■ **Raw data**:
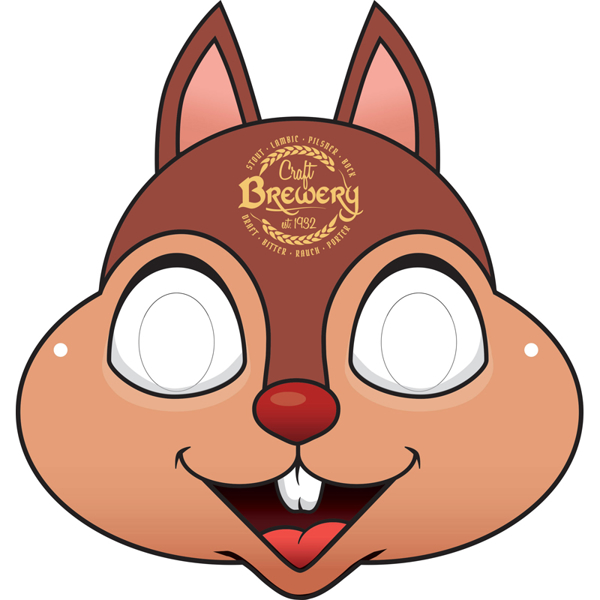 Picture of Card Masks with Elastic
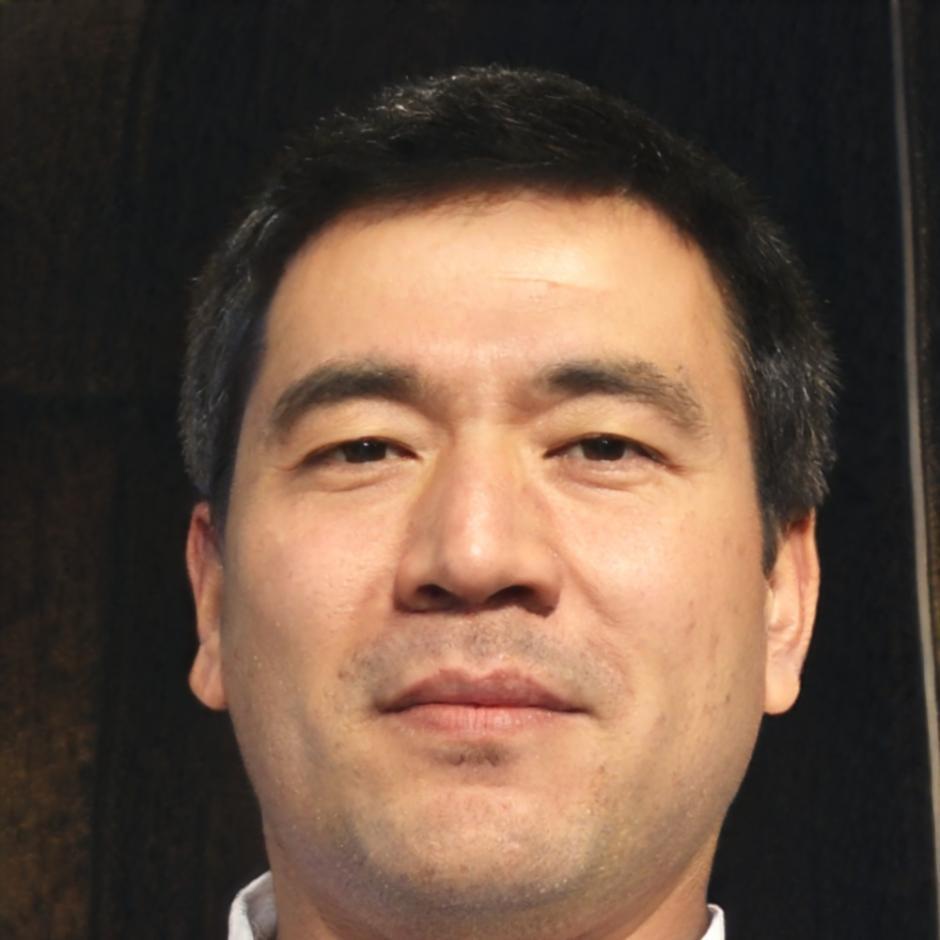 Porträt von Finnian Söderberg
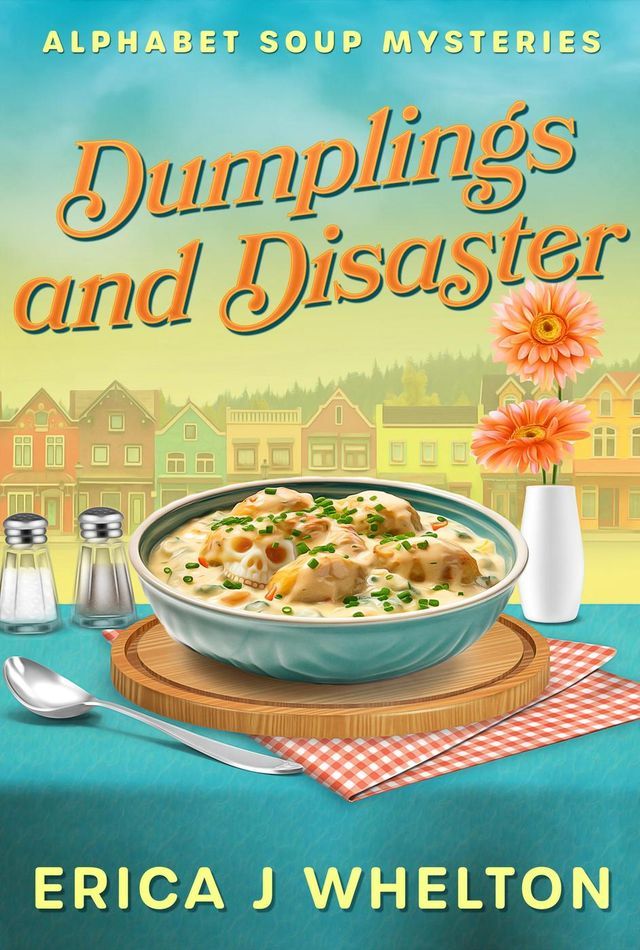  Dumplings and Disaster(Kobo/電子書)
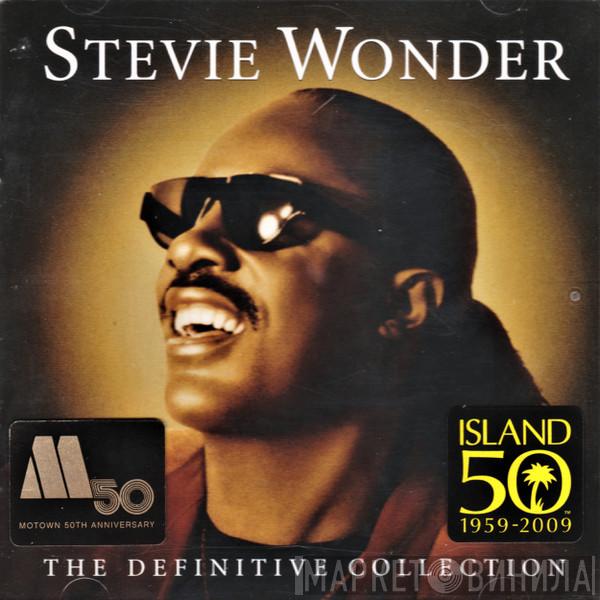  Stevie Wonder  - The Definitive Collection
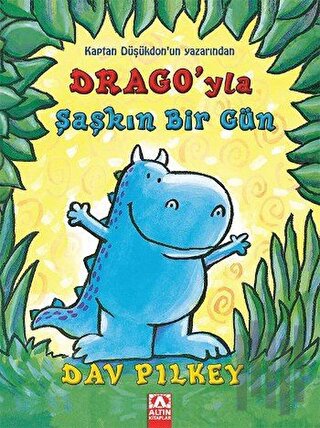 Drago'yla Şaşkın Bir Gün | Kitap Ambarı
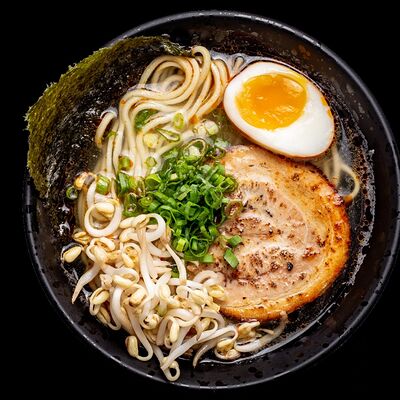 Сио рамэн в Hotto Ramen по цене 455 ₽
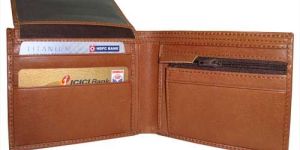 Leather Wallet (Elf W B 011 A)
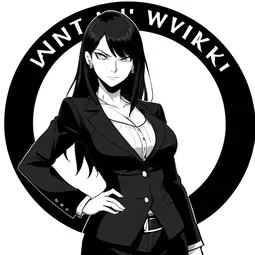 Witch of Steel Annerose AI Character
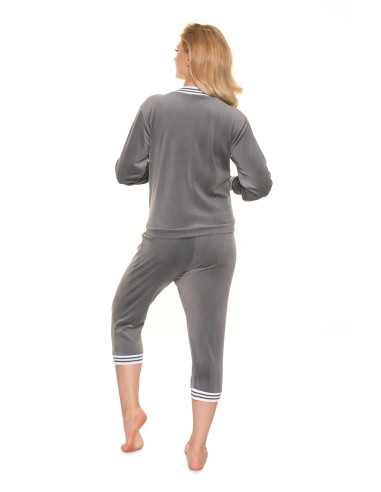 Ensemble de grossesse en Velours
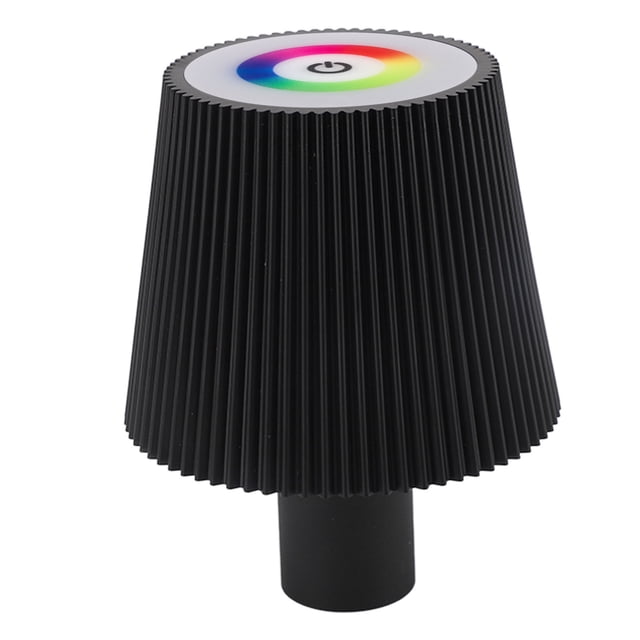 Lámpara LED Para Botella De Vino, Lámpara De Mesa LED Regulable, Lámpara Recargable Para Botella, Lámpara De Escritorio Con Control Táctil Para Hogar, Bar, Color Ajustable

...

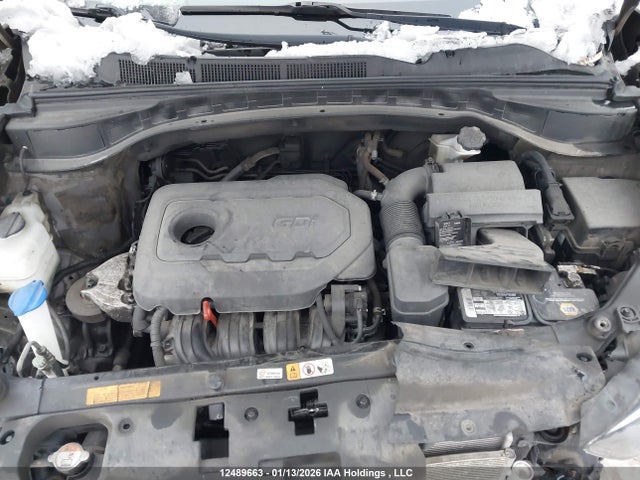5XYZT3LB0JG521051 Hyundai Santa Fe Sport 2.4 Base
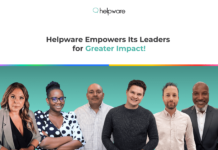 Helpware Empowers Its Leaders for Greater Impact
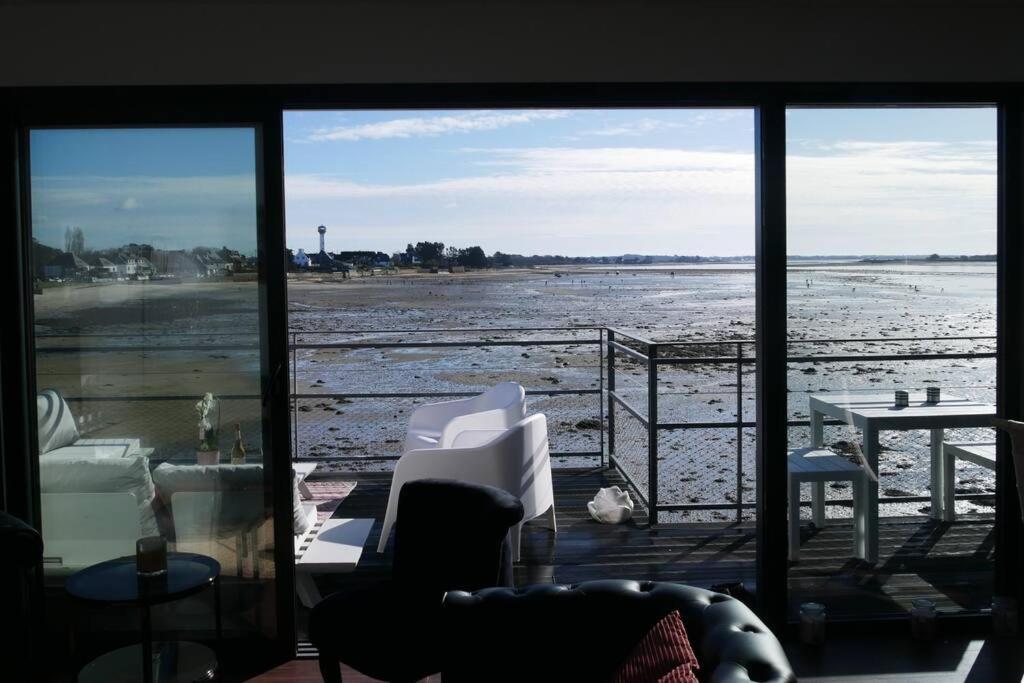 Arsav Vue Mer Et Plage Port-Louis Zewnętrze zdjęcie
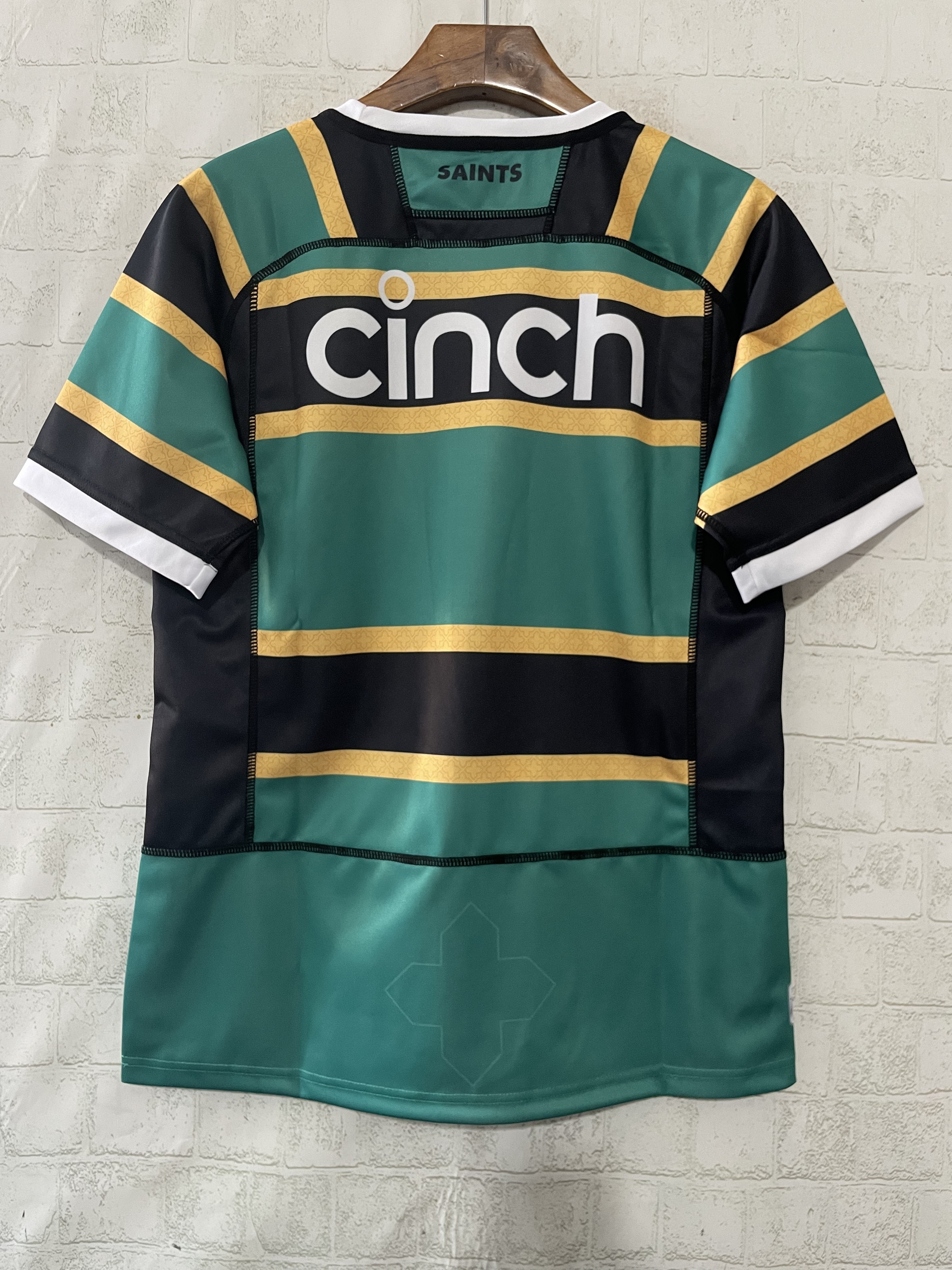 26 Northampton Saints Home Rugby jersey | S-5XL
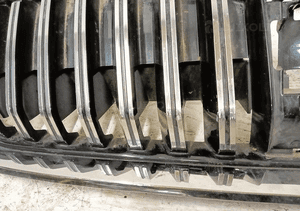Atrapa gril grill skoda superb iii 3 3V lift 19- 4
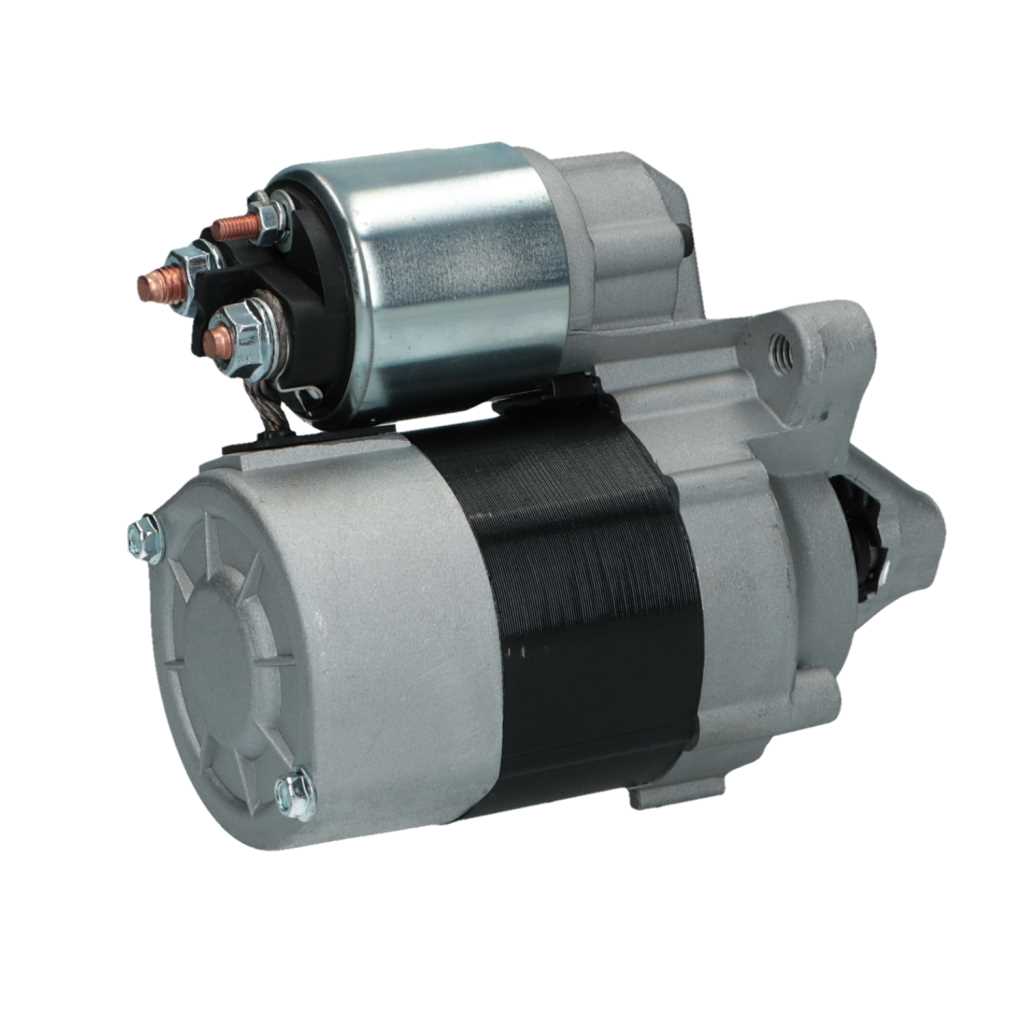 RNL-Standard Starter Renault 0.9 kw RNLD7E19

* * *

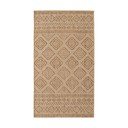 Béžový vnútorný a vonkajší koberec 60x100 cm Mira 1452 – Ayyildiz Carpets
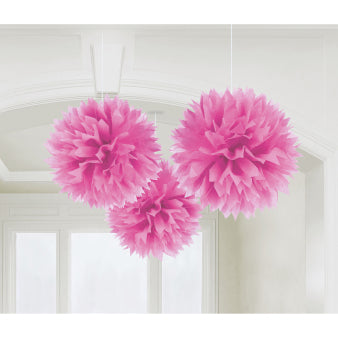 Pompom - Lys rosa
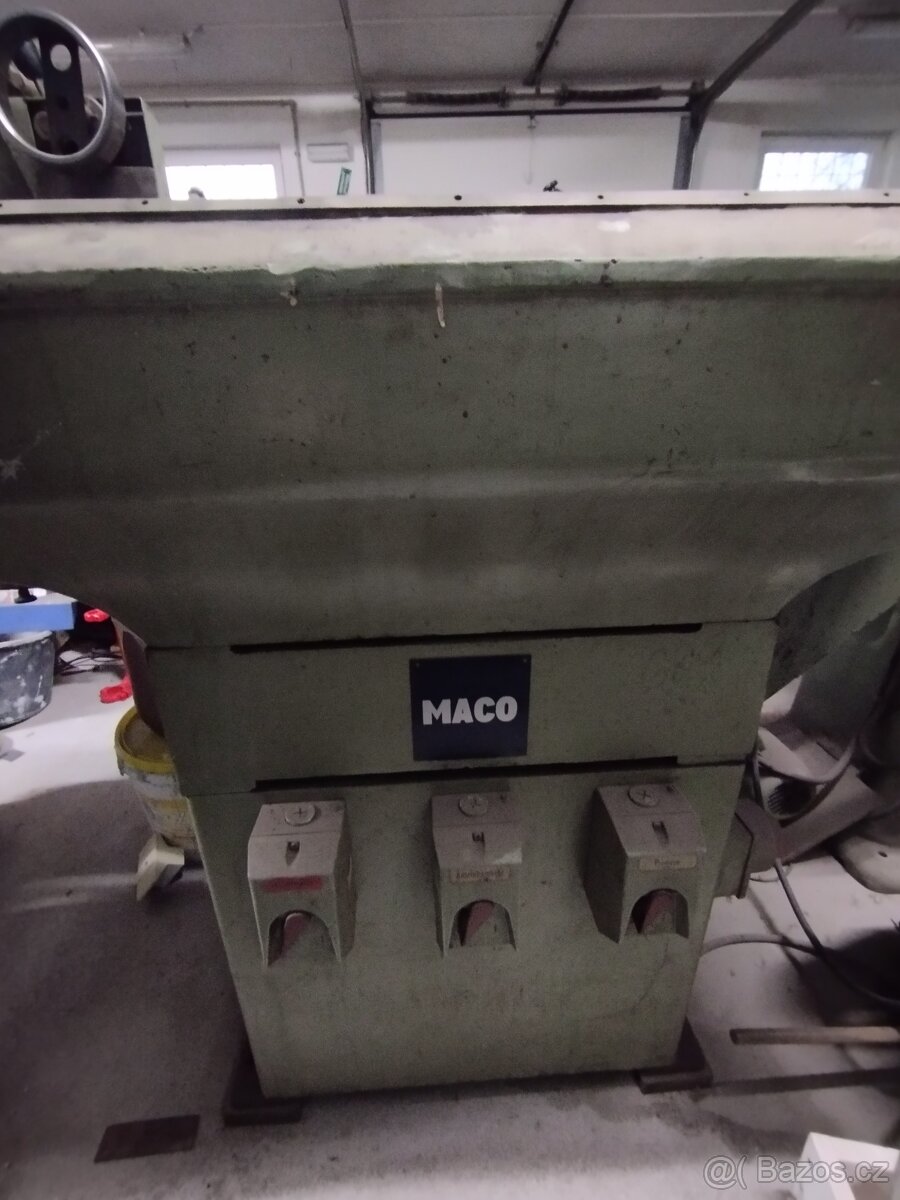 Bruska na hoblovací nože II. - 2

■ **What this task involves**: Leave the pictures out, and transcribe exactly the lines above starting at the one that contains "Leather Wallet (Elf W B 011 A)" and ending at the one that contains "Lámpara LED Para".

■ **Response**:
 Leather Wallet (Elf W B 011 A)
 Witch of Steel Annerose AI Character
 Ensemble de grossesse en Velours
 Lámpara LED Para Botella De Vino, Lámpara De Mesa LED Regulable, Lámpara Recargable Para Botella, Lámpara De Escritorio Con Control Táctil Para Hogar, Bar, Color Ajustable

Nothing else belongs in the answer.